## Your goal
No pictures belong in the copy. Retype exactly, and only, the stretch of lines below from the one with "Euroscaffold Euroscaffold SafeGuard" through the one with "4bdrm Duplex in Banana Island for sale".
** Opening Excerpted data block **
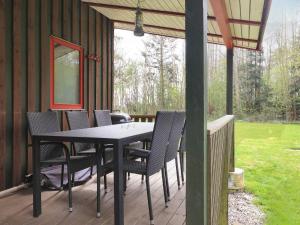 un patio con mesa y sillas en una terraza en Holiday home Læsø XXV, en Læsø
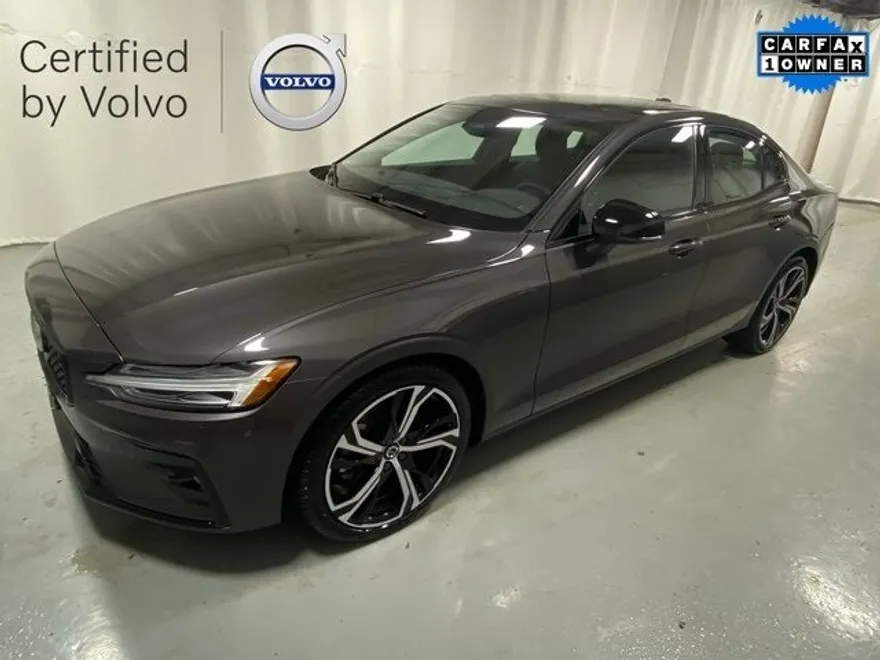 2025 Volvo S60 B5 Core photo 1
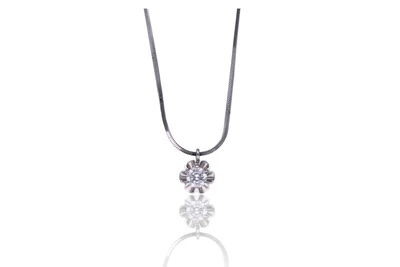 Collana e ciondolo con diamante - Asta Speciale San Valentino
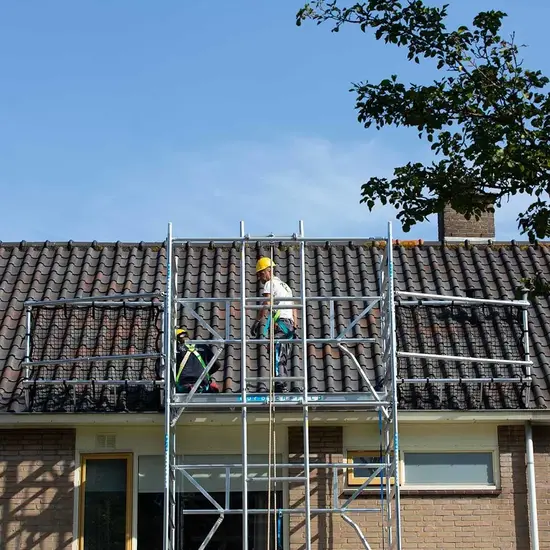 Euroscaffold Euroscaffold SafeGuard dakbeveiliging schuine daken
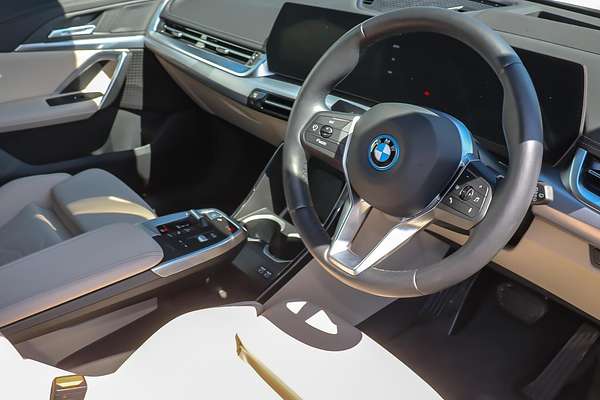 2024 BMW iX1 eDrive20 xLine U11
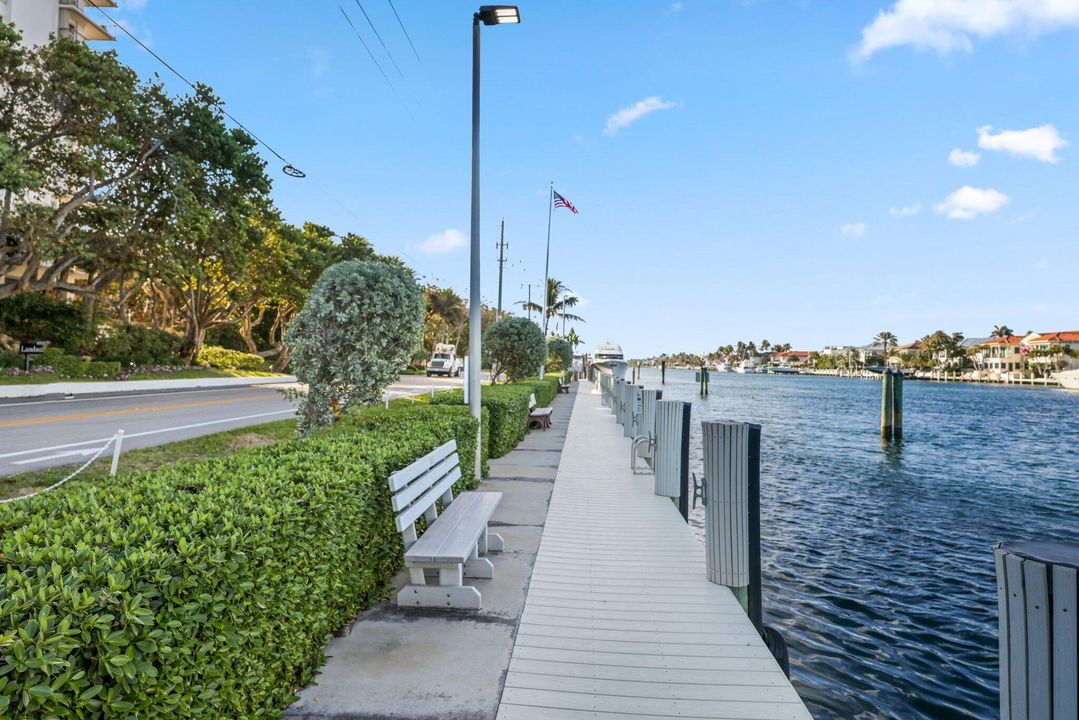 Active With Contract: $649,900 (2 beds, 2 baths, 1154 Square Feet)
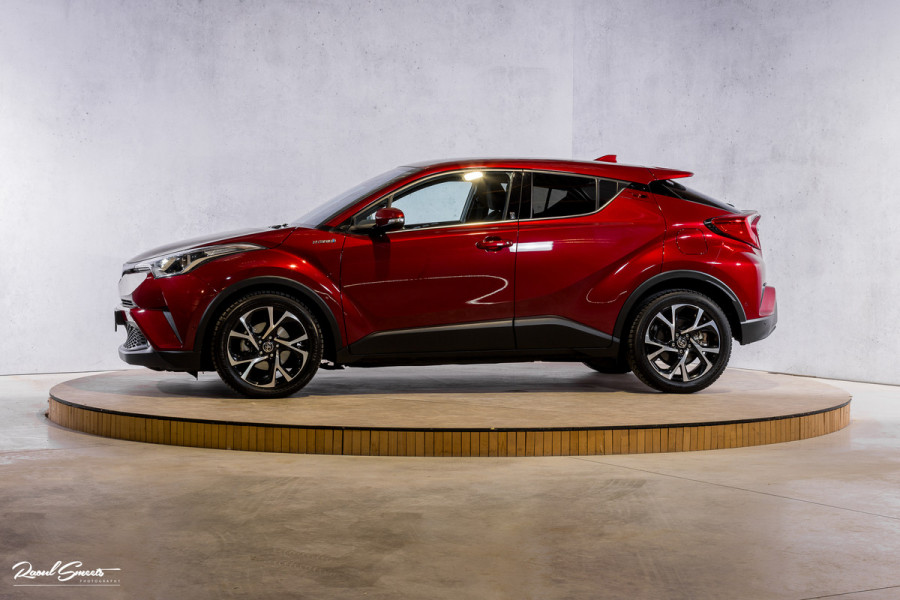 Toyota C-HR 1.8 Hybrid Team D | Cruise control | Blis | Keyless entry | Premium pack |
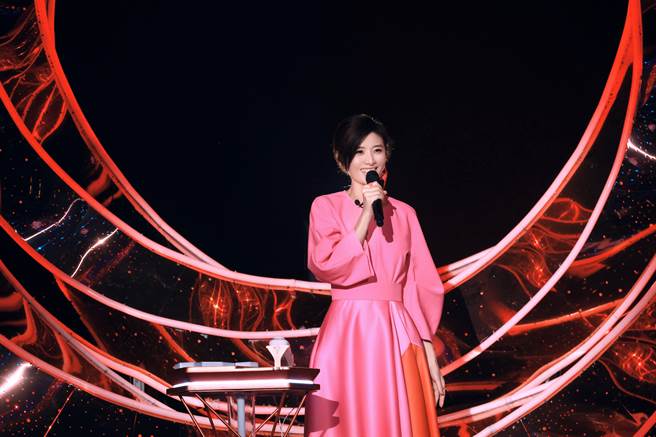 苏慧伦参与东方卫视《我们的歌》节目录制。（相信音乐提供）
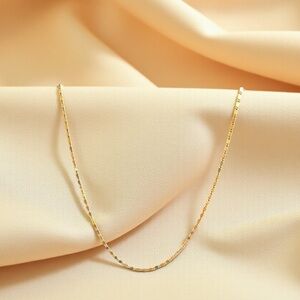 Elegant Gold Chain Necklace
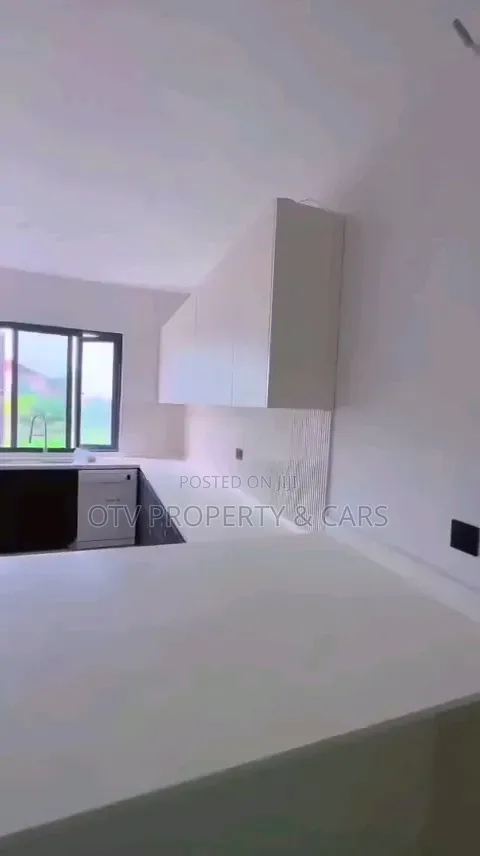 4bdrm Duplex in Banana Island for sale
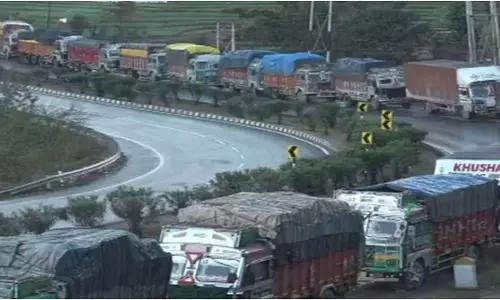 Jammu: जम्मू-श्रीनगर मार्ग पर ट्रैफिक सामान्य स्थिति में Jammu: जम्मू-श्रीनगर मार्ग पर ट्रैफिक सामान्य स्थिति में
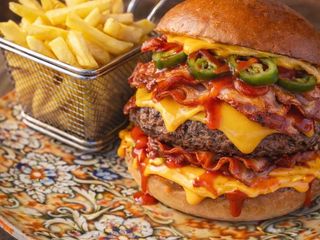 Hamburguesa Chili Cheese y Bacon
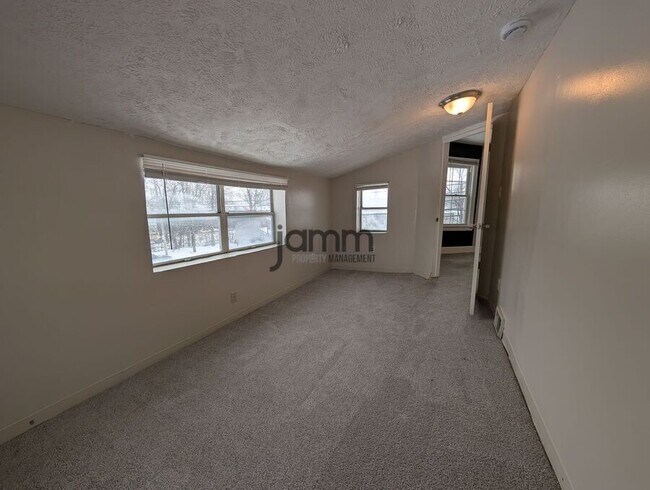 Building Photo - 1476 W 107th St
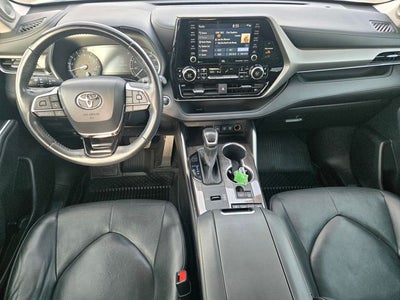 2021 Toyota Highlander Limited FWD W/ Leather and Navigation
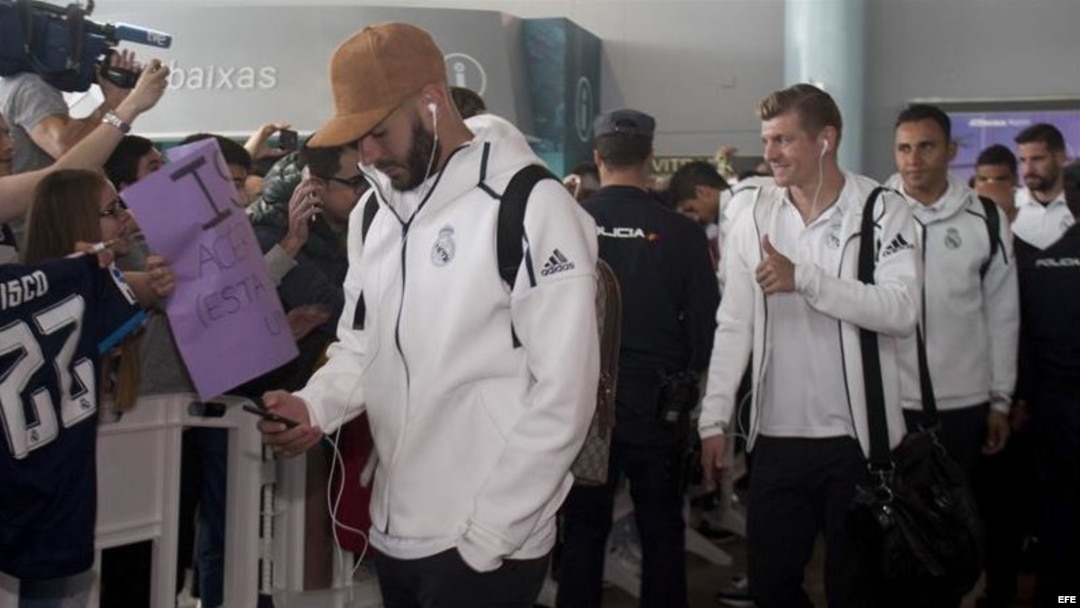 Los jugadores del Real Madrid Karim Benzema (i), Toni Kroos (c) y Keylor Navas, a su llegada hoy al Aeropuerto de Vigo.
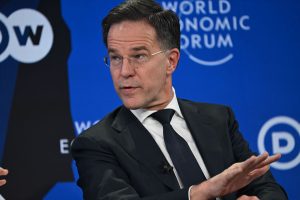 Ucrania se mantiene como la máxima prioridad de la OTAN, al margen de la crisis por Groenlandia, según Rutte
** Closing Excerpted data block **
## Response
 Euroscaffold Euroscaffold SafeGuard dakbeveiliging schuine daken
 2024 BMW iX1 eDrive20 xLine U11
 Active With Contract: $649,900 (2 beds, 2 baths, 1154 Square Feet)
 Toyota C-HR 1.8 Hybrid Team D | Cruise control | Blis | Keyless entry | Premium pack |
 苏慧伦参与东方卫视《我们的歌》节目录制。（相信音乐提供）
 Elegant Gold Chain Necklace
 4bdrm Duplex in Banana Island for sale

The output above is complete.